Here are my concerns about texting sex education:
I don’t like the anonymity of such a personal one-on-one form of communication. Who’s on the other end? If I don’t (or even if I do) like what they tell my kid (if I ever even find out), how do I follow up? A bigger concern is that they don’t know anything about my kid other than what he or she has texted, and yet they are replying in a format that provides a seemingly intimate conversation. If, for instance, you ask anonymously on the Internet, “Can you get pregnant in a swimming pool?” (Kids: yes) you know you’re dealing with answers from teens, adults, and trolls of all ages. It’s a different social contract than phone to phone, adult to teen.
I don’t know what their sex ed philosophy is. In preparation for today’s segment, I texted to the BrdsNBz teen line, “How old is ok 2 have sex?” Forty minutes later, the anonymous reply came: “It’s up to you to decide when the time is right.” Which I found alarming, because what if I’m 13 and I have a hard time deciding which Uggs to wear to school, let alone whether or not I should have sex? Luckily, the rest of the reply provided some questions to ask myself, including “Do I know how to have safe sex?” “Does sex fit my beliefs?” and “Is it legal?” Another question to ask is, “Are you mature enough to get past the part where an adult told you it’s up to you to decide when the time is right [to have sex]?” In the fifth of five texts, he or she added, “Also – consider talking to your parents or another trusted adult.” Thank you. Because at least those adults will have some context when they answer the question.

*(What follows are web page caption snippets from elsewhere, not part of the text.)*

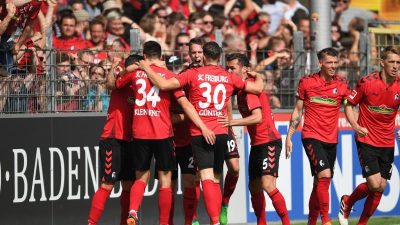 SC Freiburg bleibt erstklassig: Heimerfolg gegen Augsburg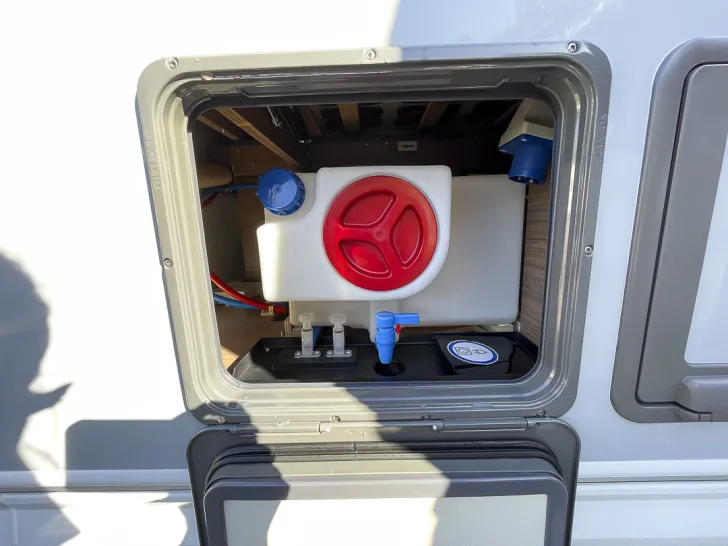 Fahrzeugbild Knaus AZUR 500 EU *Markise*DuoControl* #10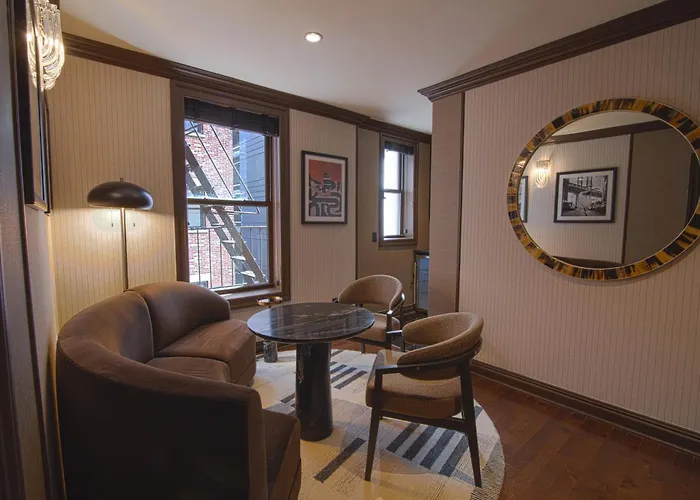 Iroquois New York Times Square Hotel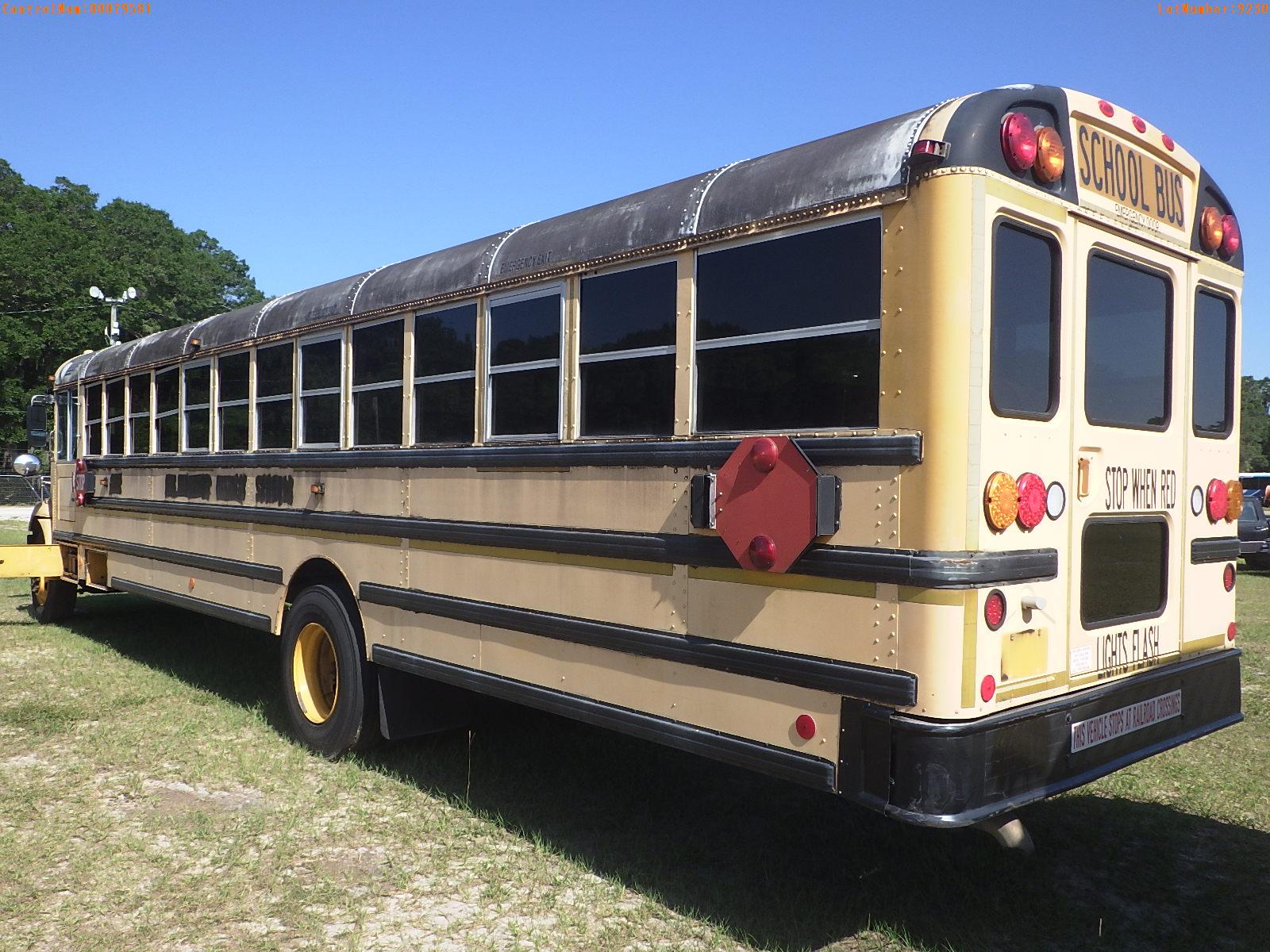 5-09230 (Trucks-Buses)  Seller: Gov-Hillsborough County School 2007 ICRP PB105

There is no accompanying web site. Well there is, but it is devoid of any in depth information such as frequently asked questions and answers, links to additional resources for parents and teens, and tabs like “How to Talk to Your Teen about Sex.” Because clearly, we parents need it. Help a Momma (or Dad) out, would you? Why cut us out of the equation?
I am not so naïve that I think all parents are naturally adept sex educators, but why assume we are all useless? Judging by the sex ed questions I found while researching the segment on the Internet, we really need to do a better job of educating our kids about sex. But not all parents are cut out for this tough job, which is why there needs to be other sources. I am fine with sex ed in schools, because I know what the curriculum is, and I can identify the person/people teaching it to my teens. Also — and I never thought I’d say this — I don’t mind the Internet as a source, because at least my kids can sort through a variety of opinions, once they get past the asinine/condescending/funny trolls, of course:
This texting program may be the only sex education information they’ll get, and it’s better than what their buddies will tell them, and yet…. What’s more, it’s delivered in a way that teens communicate, texting. (I do, too, though I spell out “to” and “your.”). While I am likely among the few dinosaurs that actually still hand their kids sex ed books and follow up with a Q & A, I think we as a society need to include and encourage parents in sex education. This program doesn’t do that very well.
Do you have any idea how hard it is to provide comprehensive advice in a couple of lines? I do. For eight years, I served as a parenting expert answering potty training questions from parents. I had little context, and not much space in which to answer. It was challenging, and it was about poop. Answering teens’ tough sex questions in 160 characters? Well, that’s a tough assignment indeed.